“It will be interesting to see if we get some birds going on to have a third clutch this season, and if they are the same birds as last season or different ones.
“We’re not sure what’s behind this weird nesting behaviour so we’re putting it out there for the wider kiwi conservation community to consider.”
At the end of the 2022/2023 egg-laying season earlier this year, Ms Ward-Smith said she suspected the unusual egg-laying patterns were due to Cyclone Gabrielle and the generally wetter than normal summer producing an abundance of invertebrate life, resulting in fit and feisty kiwi ready to produce a good number of eggs.
The Forest Lifeforce Restoration Trust sent 49 viable eggs to the National Kiwi Hatchery in Rotorua in the first half of the season, just six short of its first clutch record.
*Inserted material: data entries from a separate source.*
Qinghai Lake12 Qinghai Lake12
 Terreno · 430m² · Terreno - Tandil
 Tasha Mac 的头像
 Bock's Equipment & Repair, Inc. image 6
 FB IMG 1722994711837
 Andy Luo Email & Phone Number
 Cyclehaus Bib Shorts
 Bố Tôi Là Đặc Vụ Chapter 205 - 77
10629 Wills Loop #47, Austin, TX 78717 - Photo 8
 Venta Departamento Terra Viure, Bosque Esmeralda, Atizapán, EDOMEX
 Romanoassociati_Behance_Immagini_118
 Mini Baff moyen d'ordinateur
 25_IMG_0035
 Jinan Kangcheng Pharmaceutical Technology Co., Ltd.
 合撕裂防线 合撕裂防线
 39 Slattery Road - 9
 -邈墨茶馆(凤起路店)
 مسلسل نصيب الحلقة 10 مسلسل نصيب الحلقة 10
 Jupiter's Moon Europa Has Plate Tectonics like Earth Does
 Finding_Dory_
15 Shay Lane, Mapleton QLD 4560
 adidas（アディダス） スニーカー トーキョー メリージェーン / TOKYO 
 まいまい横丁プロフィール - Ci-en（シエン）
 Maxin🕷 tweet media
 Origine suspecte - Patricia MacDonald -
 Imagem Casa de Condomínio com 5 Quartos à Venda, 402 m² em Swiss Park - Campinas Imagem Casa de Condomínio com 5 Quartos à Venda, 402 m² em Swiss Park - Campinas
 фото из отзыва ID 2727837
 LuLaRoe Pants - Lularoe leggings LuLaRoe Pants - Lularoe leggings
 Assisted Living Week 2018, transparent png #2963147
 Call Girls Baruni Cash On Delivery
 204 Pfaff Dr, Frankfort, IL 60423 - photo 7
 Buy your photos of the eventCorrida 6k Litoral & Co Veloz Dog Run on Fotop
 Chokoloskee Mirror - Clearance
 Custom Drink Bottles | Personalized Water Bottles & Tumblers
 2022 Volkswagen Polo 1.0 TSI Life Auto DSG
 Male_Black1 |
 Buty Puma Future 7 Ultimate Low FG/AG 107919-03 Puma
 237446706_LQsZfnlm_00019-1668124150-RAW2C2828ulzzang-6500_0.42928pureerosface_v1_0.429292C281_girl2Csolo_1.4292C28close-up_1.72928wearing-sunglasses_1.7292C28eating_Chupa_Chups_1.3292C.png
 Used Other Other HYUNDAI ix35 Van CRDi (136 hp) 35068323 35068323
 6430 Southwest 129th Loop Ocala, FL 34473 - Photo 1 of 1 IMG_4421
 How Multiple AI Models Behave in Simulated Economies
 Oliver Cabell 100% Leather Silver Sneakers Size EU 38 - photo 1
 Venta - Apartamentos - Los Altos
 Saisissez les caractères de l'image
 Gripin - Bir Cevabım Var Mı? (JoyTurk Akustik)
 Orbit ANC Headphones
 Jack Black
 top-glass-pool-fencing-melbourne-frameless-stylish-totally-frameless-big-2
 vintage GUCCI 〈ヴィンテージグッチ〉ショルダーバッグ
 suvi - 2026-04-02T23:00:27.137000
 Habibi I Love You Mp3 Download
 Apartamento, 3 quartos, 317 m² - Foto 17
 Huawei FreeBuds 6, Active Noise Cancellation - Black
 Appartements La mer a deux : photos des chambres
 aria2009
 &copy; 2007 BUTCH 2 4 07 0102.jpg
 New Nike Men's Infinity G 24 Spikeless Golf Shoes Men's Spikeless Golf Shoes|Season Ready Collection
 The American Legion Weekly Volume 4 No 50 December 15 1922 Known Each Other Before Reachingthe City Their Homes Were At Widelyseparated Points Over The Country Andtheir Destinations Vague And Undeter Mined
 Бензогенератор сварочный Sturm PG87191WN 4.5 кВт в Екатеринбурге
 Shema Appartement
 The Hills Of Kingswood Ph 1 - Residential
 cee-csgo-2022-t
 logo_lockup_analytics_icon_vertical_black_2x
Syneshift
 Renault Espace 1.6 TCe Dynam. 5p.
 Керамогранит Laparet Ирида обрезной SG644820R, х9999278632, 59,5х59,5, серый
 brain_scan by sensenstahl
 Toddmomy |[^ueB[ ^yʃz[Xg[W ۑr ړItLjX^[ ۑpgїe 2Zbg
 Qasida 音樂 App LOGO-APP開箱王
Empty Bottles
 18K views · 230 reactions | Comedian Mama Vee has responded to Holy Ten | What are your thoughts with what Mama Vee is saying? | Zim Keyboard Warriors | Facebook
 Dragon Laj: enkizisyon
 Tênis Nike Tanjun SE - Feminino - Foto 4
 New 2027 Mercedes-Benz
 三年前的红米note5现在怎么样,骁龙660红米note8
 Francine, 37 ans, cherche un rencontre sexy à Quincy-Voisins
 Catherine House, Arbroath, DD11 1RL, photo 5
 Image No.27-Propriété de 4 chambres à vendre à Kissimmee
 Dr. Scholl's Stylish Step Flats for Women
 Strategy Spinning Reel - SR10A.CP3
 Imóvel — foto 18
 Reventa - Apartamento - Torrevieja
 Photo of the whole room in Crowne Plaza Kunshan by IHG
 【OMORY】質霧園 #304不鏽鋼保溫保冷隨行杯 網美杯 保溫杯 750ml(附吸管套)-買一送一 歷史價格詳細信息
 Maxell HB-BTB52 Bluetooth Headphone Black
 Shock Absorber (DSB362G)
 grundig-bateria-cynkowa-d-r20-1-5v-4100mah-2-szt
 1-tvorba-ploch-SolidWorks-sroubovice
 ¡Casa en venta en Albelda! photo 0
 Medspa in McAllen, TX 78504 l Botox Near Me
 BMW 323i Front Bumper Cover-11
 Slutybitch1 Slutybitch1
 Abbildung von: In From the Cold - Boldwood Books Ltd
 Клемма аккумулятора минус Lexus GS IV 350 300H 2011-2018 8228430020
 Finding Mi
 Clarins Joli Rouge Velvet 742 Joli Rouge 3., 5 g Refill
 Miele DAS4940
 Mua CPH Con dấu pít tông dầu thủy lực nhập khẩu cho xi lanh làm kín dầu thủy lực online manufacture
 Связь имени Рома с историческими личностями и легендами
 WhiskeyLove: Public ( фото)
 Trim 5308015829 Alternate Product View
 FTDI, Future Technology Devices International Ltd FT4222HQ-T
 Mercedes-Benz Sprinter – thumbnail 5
However, the trust is monitoring 11 male birds fewer than in previous years, so this year’s first clutch result is proportionally greater than recent years.
The egg-lifting work is part of Operation Nest Egg, the nationwide kiwi recovery initiative that removes kiwi eggs from their burrows, incubates them and cares for the chicks in captivity until they’re big enough to fend for themselves in the wild.
The Forest Lifeforce Restoration Trust was established in 2006 to provide direction and funding for the restoration of threatened species of fauna and flora, and to restore the ngahere mauri (forest lifeforce) in native forests within the Central North Island.
In addition to the Maungataniwha Kiwi Project the trust runs a series of native flora and fauna regeneration projects. These include a drive to increase the wild-grown population of kakabeak (Clianthus maximus), an extremely rare type of shrub, and the re-establishment of native plants and forest on 4000 hectares currently, or until recently, under pine.